- ASSIGNMENT
Instruction for the data below: set down exactly the lines from the line with "Luminox Navy SEAL" to the line with "1455 Kent St, Saint Paul, MN 55117 - Photo 22", inclusive, and no others.

[Records contained in a dataset]
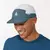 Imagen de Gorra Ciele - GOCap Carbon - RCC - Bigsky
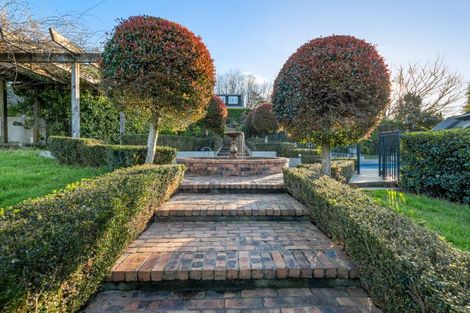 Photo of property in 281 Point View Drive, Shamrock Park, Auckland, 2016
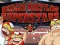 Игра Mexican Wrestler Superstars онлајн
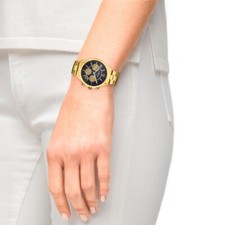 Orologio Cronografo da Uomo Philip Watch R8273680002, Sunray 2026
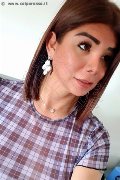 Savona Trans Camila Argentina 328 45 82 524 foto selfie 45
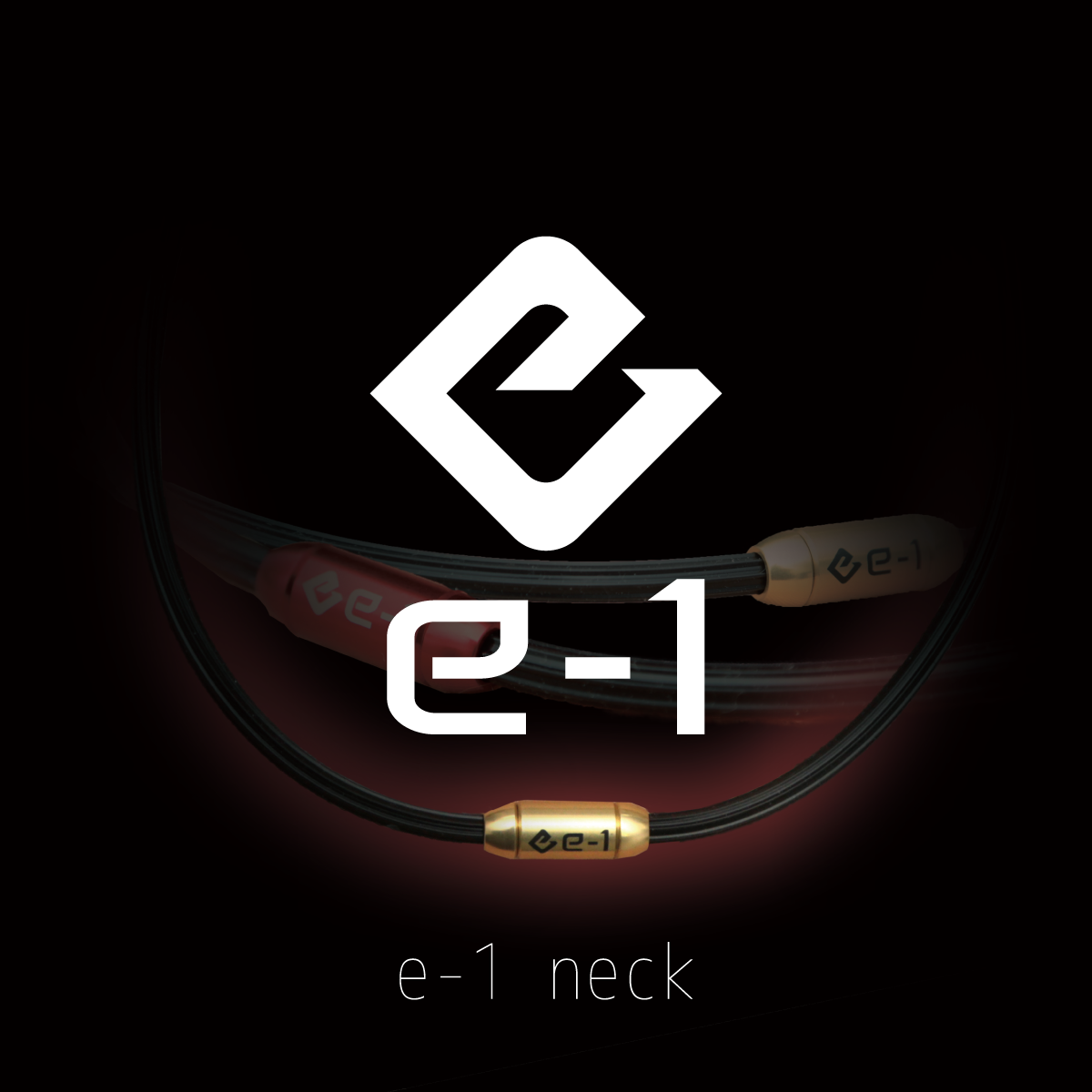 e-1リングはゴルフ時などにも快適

==

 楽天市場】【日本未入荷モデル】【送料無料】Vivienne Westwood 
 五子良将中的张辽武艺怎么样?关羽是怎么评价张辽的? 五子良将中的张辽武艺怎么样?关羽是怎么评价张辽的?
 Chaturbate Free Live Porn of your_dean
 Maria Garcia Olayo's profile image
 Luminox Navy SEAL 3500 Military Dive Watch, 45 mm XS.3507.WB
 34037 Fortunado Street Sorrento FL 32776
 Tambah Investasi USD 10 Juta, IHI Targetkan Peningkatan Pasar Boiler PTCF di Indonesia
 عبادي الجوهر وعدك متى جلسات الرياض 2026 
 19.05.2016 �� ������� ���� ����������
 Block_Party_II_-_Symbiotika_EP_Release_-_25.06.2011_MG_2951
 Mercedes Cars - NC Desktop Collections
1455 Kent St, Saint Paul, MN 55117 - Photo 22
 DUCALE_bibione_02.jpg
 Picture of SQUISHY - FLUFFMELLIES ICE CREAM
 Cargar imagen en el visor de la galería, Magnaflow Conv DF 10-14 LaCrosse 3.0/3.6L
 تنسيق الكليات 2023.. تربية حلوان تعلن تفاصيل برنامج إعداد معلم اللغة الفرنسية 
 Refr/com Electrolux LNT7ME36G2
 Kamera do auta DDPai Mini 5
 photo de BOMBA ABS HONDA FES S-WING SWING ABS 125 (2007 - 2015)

- EXERCISE ANSWER
 Luminox Navy SEAL 3500 Military Dive Watch, 45 mm XS.3507.WB
 34037 Fortunado Street Sorrento FL 32776
 Tambah Investasi USD 10 Juta, IHI Targetkan Peningkatan Pasar Boiler PTCF di Indonesia
 عبادي الجوهر وعدك متى جلسات الرياض 2026 
 19.05.2016 �� ������� ���� ����������
 Block_Party_II_-_Symbiotika_EP_Release_-_25.06.2011_MG_2951
 Mercedes Cars - NC Desktop Collections
1455 Kent St, Saint Paul, MN 55117 - Photo 22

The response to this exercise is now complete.